** YOUR INSTRUCTIONS **
Please reproduce the lines from the one containing "Welcome to our" through the end of the data below exactly as they stand, and omit all pictures.

** Stored items **
---
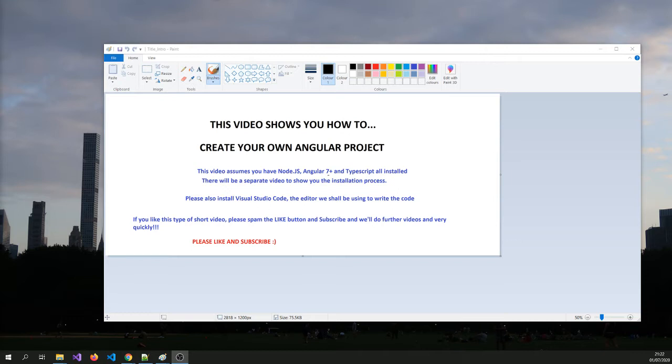We will show you how to create your own Angular project in this video. We will assume Node.js, Angular 7 Plus and TypeScript are all installed. If you haven't, then depending on how it goes, we will create further videos. We might even create an installation process video.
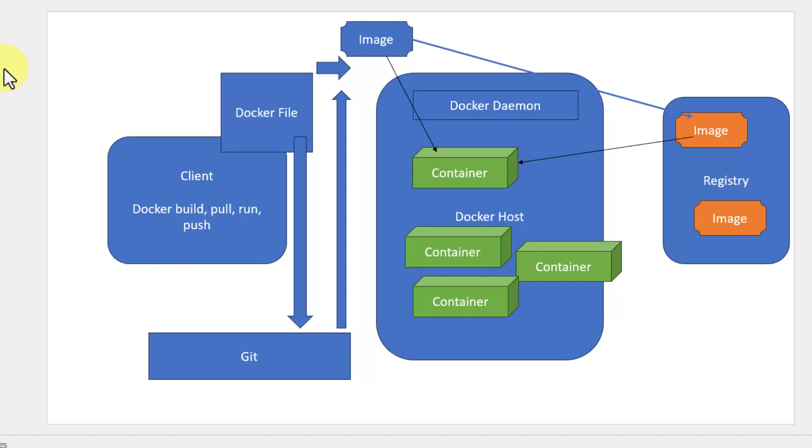To make the continuous integration and continuous delivery work seamlessly, this Docker image is going to help a lot. We do have other containerization mechanisms like Rocket, Podman, containerd and a lot more. We can use those alternatives along with Docker.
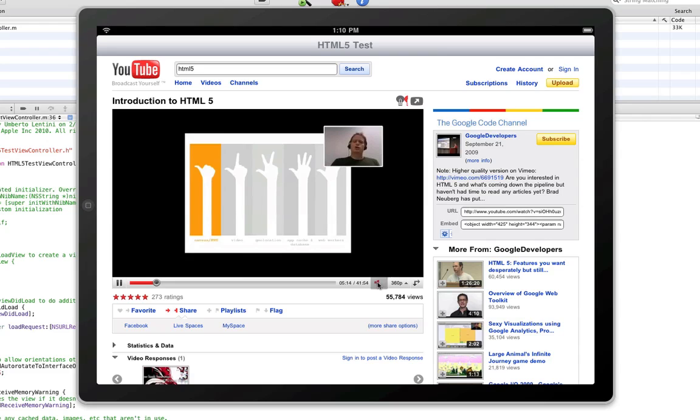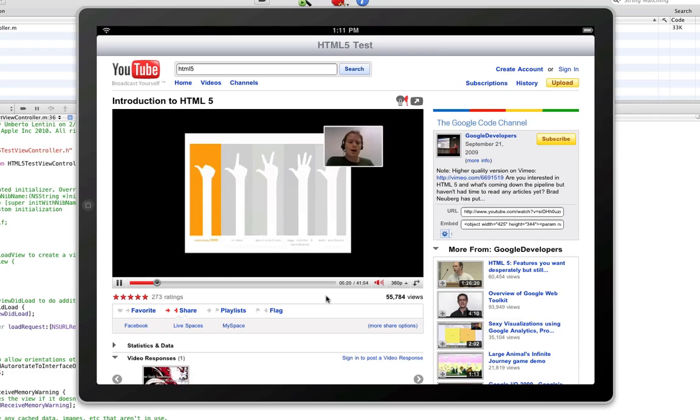The structure of the talk I'm going to do today is I want to talk about five major sections. I want to talk about vector graphics on the web, including Canvas. I want to talk about vector graphics.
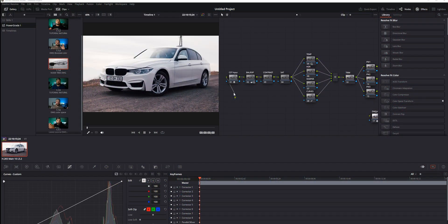So we're inside DaVinci Resolve in the Color tab. Let's assume I finished my grading, I'm happy with it, and I want to create a LUT to use in another program, for example Premiere Pro.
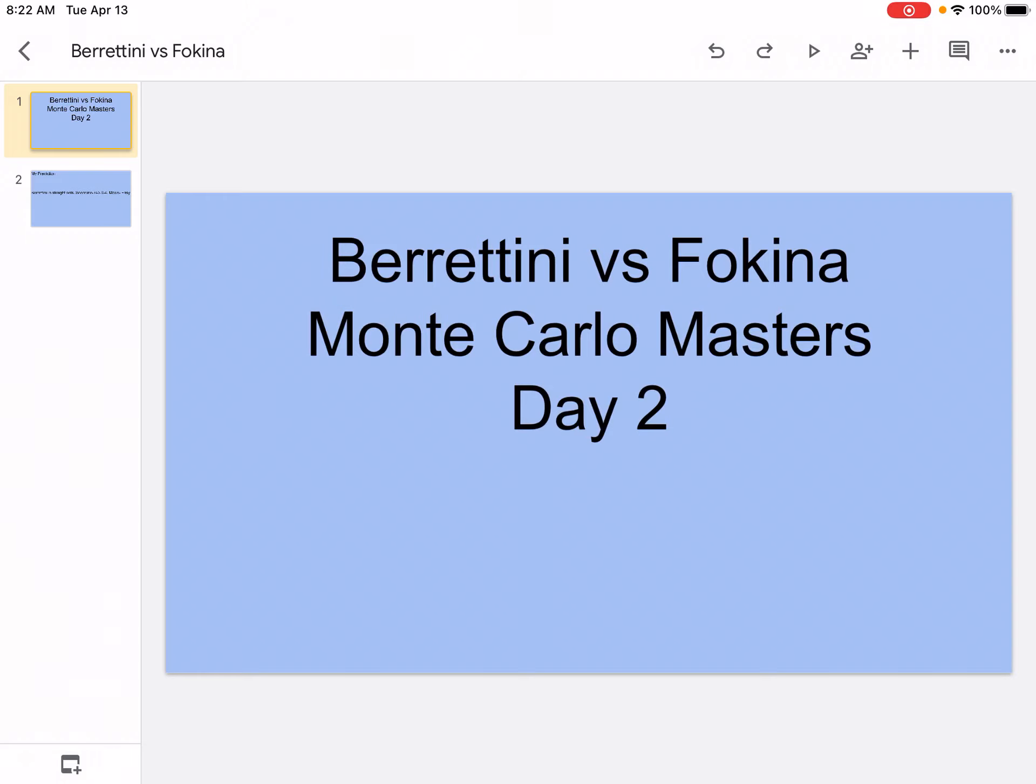How's it going everyone, the wizard is back with another video on my channel. So today we will be doing Berrettini vs Fokina, Monte Carlo Masters Day 2, so let's get into it.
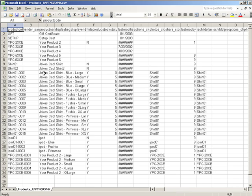You only need three: product code, product name, and product price. Just like when you're creating a product with the regular admin, those are the required fields. Those are the only three columns that have to be in here if you're creating a product.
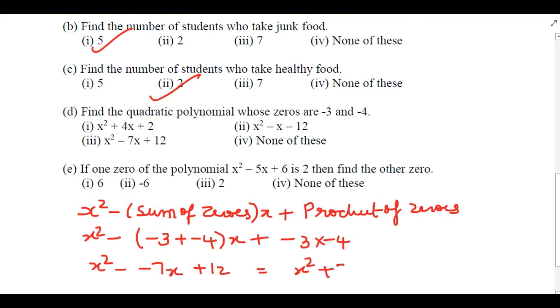Simplifying: x² - (-7)x + 12 = x² + 7x + 12. The answer is x² + 7x + 12. If this is not among the options, you can write 'none of these'.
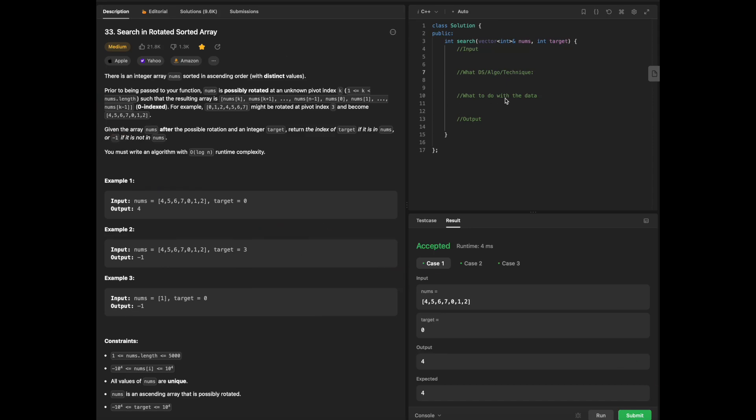Hello everyone, today we are going to be going over some LeetCode, and today we will be focusing on Search in Rotated Sorted Array.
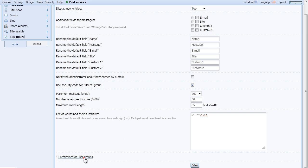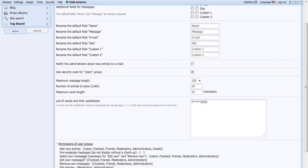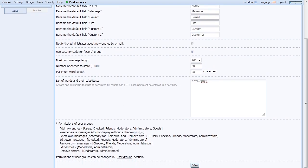Click on Permissions of User Groups to see more settings available for modification, such as who can add new entries and editing your own messages. Permission of User Groups can be changed in the User Groups section, so we'll navigate to that page.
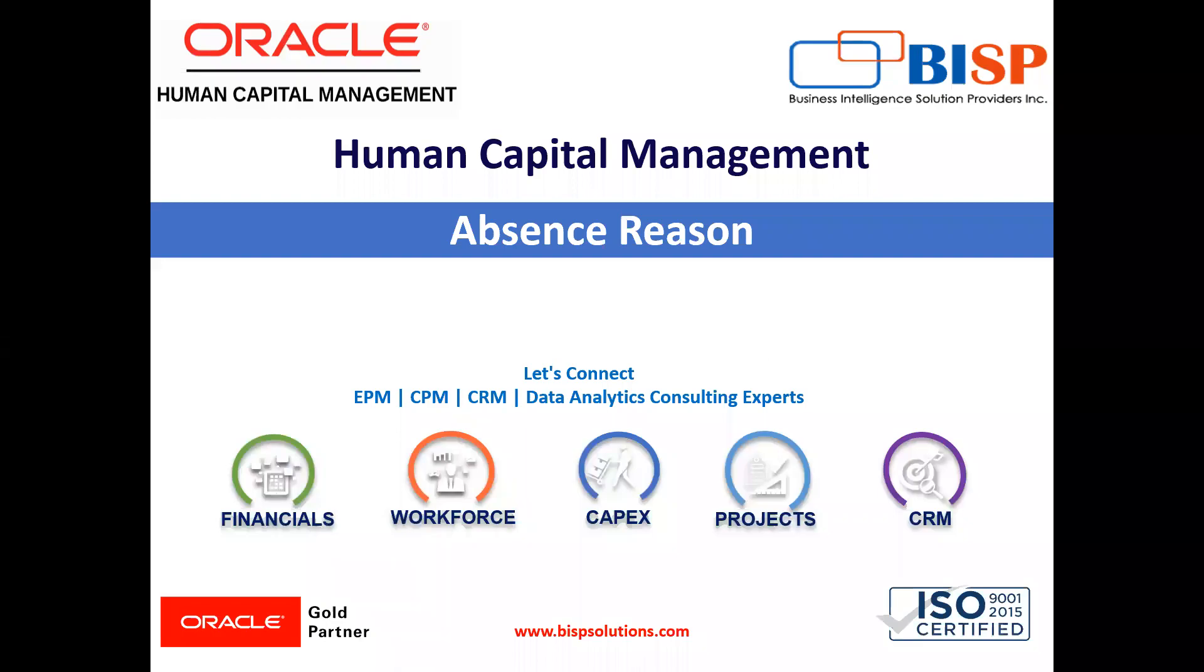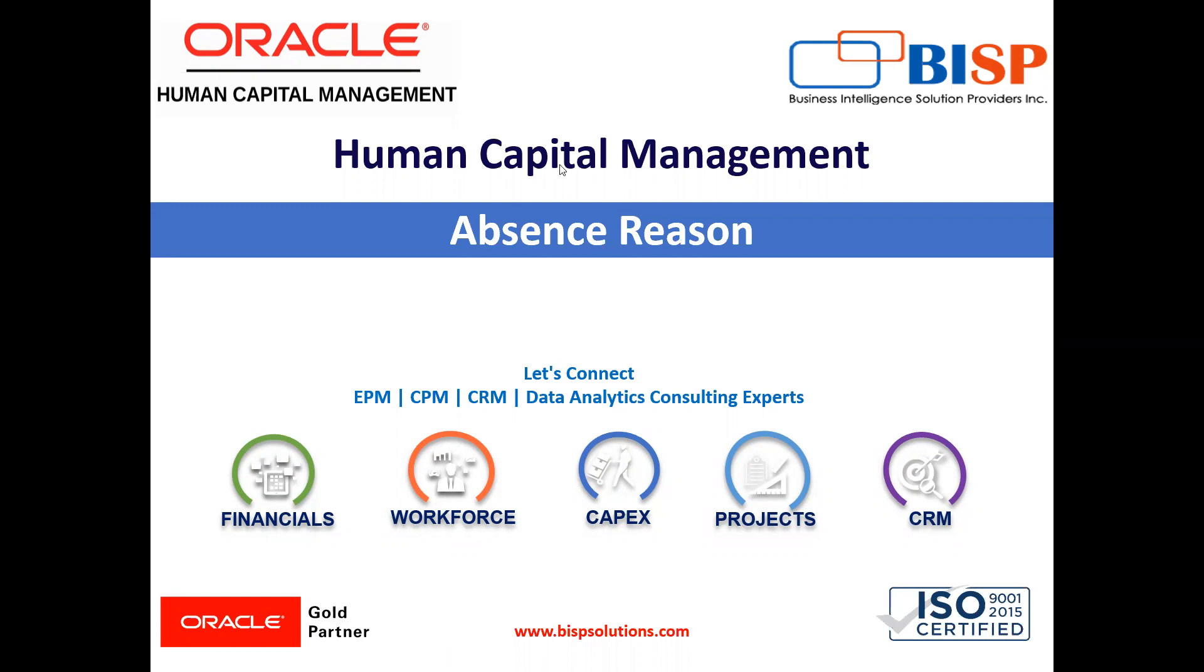Welcome to our channel. My name is Nikita from BISP Solution. In today's video, I'm going to explain how we can create absence reason in Oracle HCM. Absence reason is to take leave from office work. Let's see how we can create the absence reason in Oracle HCM. Let's move on to the application.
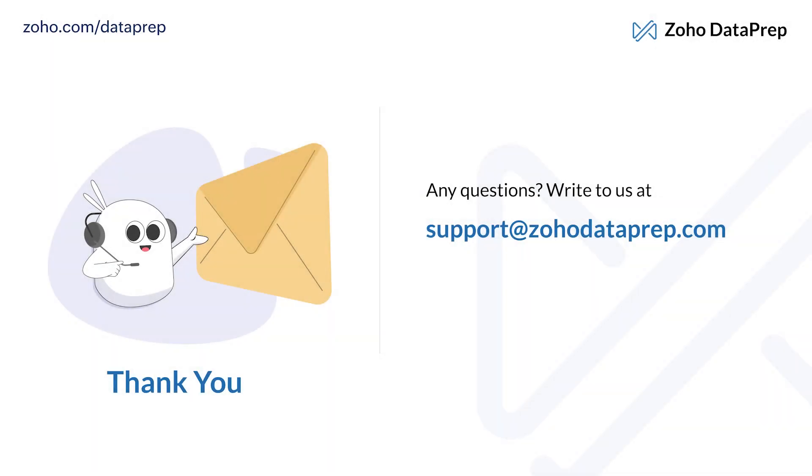Thank you for watching this demo. For more information, please reach out to us at support@zohodataprep.com.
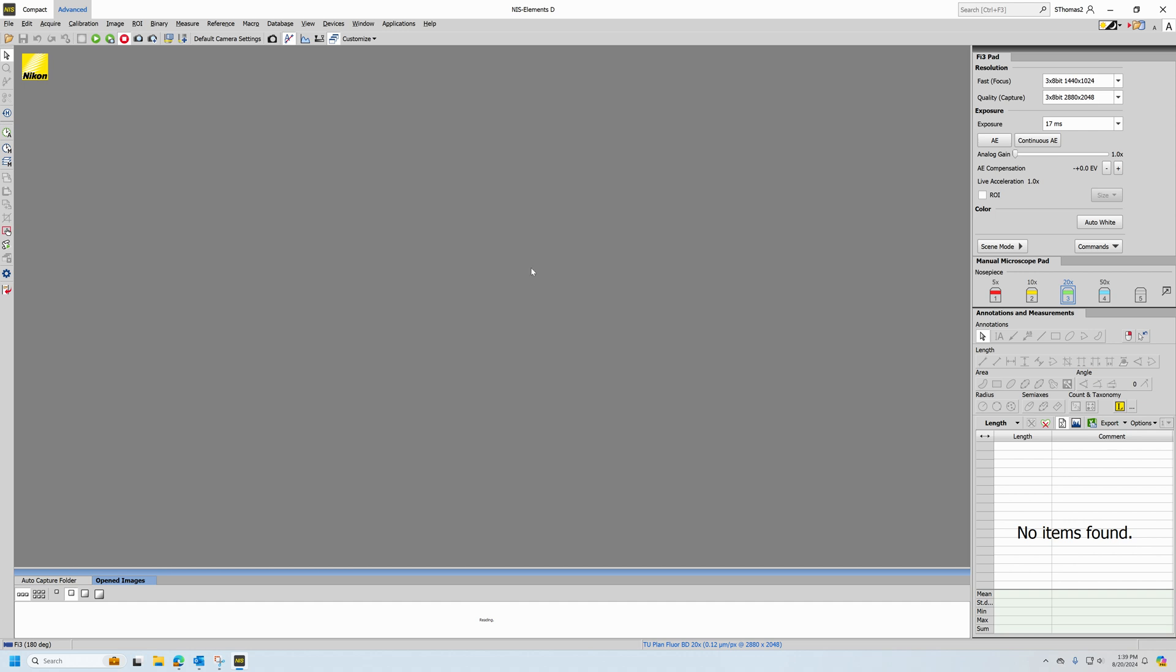In the software, your basic camera controls, your basic microscope pad, and your basic measurements are all located here on this side. Any captured images are located down at the bottom of the screen.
---
** PROBLEM SOLUTION **
Welcome to our channel. My name is Nikita from BISP Solution. In today's video, I'm going to explain how we can create absence reason in Oracle HCM. Absence reason is to take leave from office work. Let's see how we can create the absence reason in Oracle HCM. Let's move on to the application.
Thank you for watching this demo. For more information, please reach out to us at support@zohodataprep.com.
In the software, your basic camera controls, your basic microscope pad, and your basic measurements are all located here on this side. Any captured images are located down at the bottom of the screen.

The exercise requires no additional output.